Owning the resources may provide greater flexibility with challenging deadlines. Internal resources can also better predict the time it takes to manage your campaigns. You may be able to use a portion of the resource’s time for different projects. You may also need to increase the number of resources on the project but can determine the seniority and core skillsets needed in that next hire. Keep in mind that it will take time for your resource to be as efficient as one who works for the SaaS company.
• Consistency Of Account Teams
If you outsource management of your tech buying, you may find that the account teams from your partner company are constantly shifting. Normally the senior contact is a constant but the tactical account teams may be pulled into other projects or asked to split their time between your campaigns and those of other sophisticated advertisers.
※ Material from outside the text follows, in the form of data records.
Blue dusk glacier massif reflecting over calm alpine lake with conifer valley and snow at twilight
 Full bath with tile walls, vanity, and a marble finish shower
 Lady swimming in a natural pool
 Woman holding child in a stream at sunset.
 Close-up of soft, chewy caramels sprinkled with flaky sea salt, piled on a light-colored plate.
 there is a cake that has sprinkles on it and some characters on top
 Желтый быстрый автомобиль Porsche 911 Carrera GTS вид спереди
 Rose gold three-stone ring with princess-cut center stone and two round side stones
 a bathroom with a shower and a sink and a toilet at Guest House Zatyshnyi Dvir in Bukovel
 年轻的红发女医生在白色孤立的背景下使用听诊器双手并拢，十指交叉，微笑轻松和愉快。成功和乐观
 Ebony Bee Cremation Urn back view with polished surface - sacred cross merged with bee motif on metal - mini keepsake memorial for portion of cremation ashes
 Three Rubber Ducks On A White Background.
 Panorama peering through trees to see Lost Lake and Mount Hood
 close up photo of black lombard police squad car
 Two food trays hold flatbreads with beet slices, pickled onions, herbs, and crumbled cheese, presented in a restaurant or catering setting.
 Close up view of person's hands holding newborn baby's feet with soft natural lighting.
Attrition happens. If you outsource platform management, you must trust the retention strategy of another company with resources pivotal to your marketing success. Depending on your ability to attract and retain talent, it may be preferable to keep these resources in-house. However, if your resource lives as a team of one, they may not have proper mentoring to learn at the market’s pace and could end up as a retention risk.
Making The Transition
Moving from managed to self-service depends on your in-house resources and the core strength you want to build. If your resources are creative in nature, determine how they can take over this element of the campaign. They may also be able to monitor campaign performance but may not be able to run any detailed analytics to drive optimization.
If your resources have strong analytical skills, are experts in Excel or can create, modify and query in SQL, they may be better candidates to oversee campaign optimization, depending on flexibility of your chosen SaaS platform.
It is best to work with your managed-service partner or SaaS platform before launch and to clearly outline the transition process. This is especially important if your goal for independence doesn’t mesh with your partner’s goal of you relying on their services for an eternity.
The fact is this industry suffers no shortage of SaaS platforms nor managed-service providers. The challenge is selecting the right partners who can go to market with you for your specific needs.
For marketers who have undergone this evaluation, why did you choose self-service or managed? What other considerations arose? Which dependencies came up in the process? What happened when you tried to bring the expertise in-house?